DATA SECTION →
>>
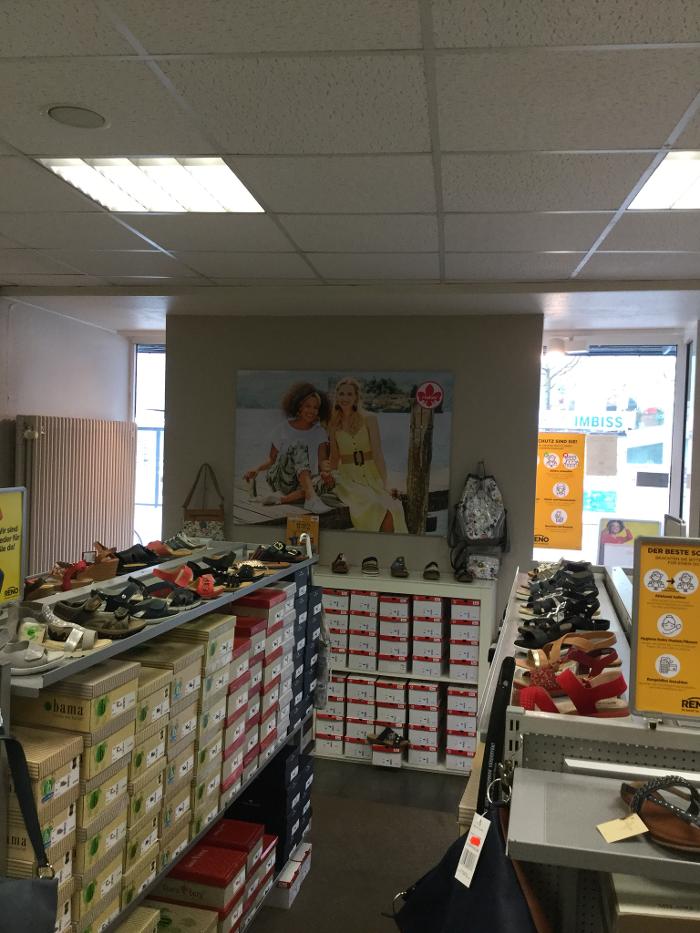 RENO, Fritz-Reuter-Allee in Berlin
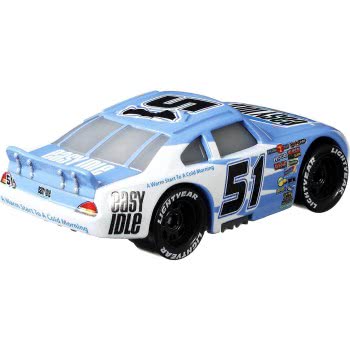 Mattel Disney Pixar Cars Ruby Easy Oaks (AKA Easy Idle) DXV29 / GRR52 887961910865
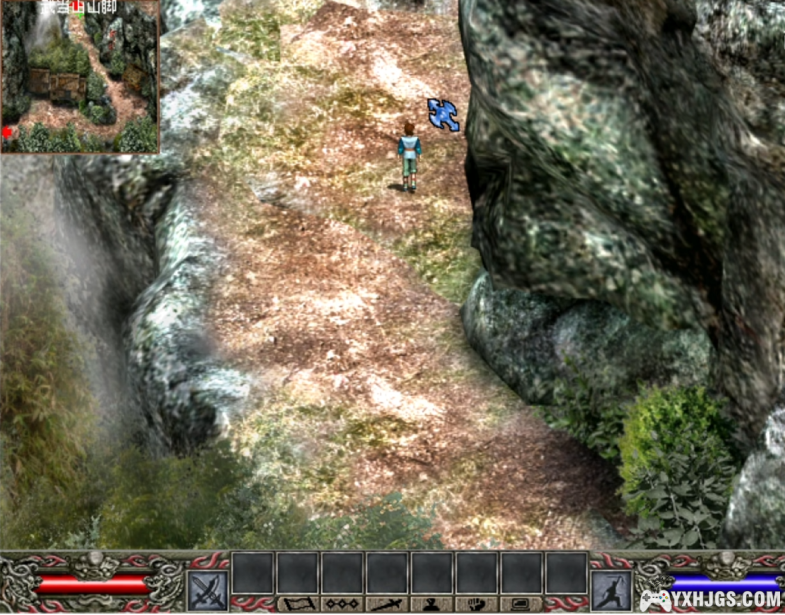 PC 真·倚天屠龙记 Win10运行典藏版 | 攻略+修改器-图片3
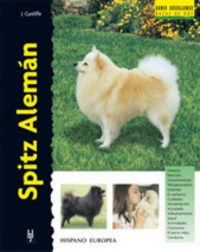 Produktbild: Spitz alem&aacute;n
<<
TASK OBJECTIVE →
Find the line with "PC 真·倚天屠龙记 Win10运行典藏版 | 攻略+修改器-图片3" in the listing above, then write it out along with every later line through the last one, exactly, omitting pictures.

ANSWER TO THIS EXERCISE →
 PC 真·倚天屠龙记 Win10运行典藏版 | 攻略+修改器-图片3
 Produktbild: Spitz alem&aacute;n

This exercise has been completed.